==== Working data

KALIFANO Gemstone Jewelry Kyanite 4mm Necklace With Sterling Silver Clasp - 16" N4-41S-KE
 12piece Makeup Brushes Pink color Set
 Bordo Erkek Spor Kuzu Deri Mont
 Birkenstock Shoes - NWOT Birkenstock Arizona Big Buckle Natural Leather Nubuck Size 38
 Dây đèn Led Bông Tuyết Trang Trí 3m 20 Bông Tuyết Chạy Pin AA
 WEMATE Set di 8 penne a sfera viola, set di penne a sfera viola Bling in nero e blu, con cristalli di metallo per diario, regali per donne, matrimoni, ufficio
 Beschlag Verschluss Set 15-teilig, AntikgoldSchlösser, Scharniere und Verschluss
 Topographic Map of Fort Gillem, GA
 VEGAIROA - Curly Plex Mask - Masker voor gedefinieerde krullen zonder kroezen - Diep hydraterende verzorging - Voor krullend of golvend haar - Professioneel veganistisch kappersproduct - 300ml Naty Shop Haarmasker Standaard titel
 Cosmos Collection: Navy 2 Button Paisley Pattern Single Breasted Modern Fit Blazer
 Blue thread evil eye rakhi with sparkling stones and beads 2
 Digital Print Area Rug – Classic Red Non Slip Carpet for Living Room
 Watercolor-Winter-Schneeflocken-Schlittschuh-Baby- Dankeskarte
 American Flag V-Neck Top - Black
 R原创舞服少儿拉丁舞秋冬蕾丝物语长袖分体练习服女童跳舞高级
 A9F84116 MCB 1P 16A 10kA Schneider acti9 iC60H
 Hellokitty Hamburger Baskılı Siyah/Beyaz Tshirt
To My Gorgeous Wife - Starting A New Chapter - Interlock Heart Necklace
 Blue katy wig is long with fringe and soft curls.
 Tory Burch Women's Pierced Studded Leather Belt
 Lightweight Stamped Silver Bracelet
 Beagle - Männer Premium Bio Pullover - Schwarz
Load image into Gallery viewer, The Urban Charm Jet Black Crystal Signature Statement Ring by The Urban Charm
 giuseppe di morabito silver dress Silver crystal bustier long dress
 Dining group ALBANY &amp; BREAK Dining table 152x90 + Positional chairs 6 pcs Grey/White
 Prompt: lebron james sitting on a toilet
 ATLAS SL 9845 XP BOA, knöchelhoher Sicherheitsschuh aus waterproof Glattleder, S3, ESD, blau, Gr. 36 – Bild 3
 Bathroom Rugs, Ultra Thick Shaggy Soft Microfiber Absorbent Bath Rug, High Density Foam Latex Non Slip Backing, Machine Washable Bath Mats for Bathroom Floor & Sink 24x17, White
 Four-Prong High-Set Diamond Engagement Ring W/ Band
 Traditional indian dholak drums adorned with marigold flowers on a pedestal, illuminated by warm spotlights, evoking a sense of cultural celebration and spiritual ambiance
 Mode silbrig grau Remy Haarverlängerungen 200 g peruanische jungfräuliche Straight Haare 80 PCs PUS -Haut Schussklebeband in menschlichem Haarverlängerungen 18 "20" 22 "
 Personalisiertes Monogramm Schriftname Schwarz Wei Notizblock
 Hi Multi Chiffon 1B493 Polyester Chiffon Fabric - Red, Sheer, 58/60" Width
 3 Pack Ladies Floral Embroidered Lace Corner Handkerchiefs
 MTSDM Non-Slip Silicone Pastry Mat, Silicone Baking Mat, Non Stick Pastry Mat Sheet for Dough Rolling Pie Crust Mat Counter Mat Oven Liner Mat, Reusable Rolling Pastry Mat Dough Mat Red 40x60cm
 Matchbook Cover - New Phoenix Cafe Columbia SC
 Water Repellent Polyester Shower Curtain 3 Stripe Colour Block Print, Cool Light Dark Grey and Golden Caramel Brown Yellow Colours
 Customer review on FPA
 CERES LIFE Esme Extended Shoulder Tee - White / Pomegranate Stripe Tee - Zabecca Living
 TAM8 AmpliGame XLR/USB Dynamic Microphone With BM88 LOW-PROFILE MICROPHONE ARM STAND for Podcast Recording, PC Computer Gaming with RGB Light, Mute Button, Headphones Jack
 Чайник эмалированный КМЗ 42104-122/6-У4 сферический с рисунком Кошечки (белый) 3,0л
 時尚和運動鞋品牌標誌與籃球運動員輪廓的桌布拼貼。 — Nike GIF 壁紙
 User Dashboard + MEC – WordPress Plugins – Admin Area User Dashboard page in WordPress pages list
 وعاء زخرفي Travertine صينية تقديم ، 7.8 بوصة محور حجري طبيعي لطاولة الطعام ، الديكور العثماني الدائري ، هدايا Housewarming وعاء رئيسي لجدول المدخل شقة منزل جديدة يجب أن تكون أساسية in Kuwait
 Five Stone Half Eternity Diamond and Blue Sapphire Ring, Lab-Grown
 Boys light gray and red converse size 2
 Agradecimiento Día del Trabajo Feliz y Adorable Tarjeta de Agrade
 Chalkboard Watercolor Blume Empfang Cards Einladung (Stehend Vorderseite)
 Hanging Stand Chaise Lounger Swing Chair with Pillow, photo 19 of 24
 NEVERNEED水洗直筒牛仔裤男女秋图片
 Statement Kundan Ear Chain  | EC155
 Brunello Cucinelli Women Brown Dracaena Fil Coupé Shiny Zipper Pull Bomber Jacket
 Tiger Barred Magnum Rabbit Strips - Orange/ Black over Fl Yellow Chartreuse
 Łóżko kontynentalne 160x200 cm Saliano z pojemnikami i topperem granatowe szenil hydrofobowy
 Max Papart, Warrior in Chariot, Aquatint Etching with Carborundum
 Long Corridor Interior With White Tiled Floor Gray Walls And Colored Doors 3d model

========

» **Assignment**
Set down exactly the lines of the data above, beginning with the line that has "Traditional indian dholak" and ending with the line that has "Hi Multi Chiffon", and no others.

» **Exercise output**
 Traditional indian dholak drums adorned with marigold flowers on a pedestal, illuminated by warm spotlights, evoking a sense of cultural celebration and spiritual ambiance
 Mode silbrig grau Remy Haarverlängerungen 200 g peruanische jungfräuliche Straight Haare 80 PCs PUS -Haut Schussklebeband in menschlichem Haarverlängerungen 18 "20" 22 "
 Personalisiertes Monogramm Schriftname Schwarz Wei Notizblock
 Hi Multi Chiffon 1B493 Polyester Chiffon Fabric - Red, Sheer, 58/60" Width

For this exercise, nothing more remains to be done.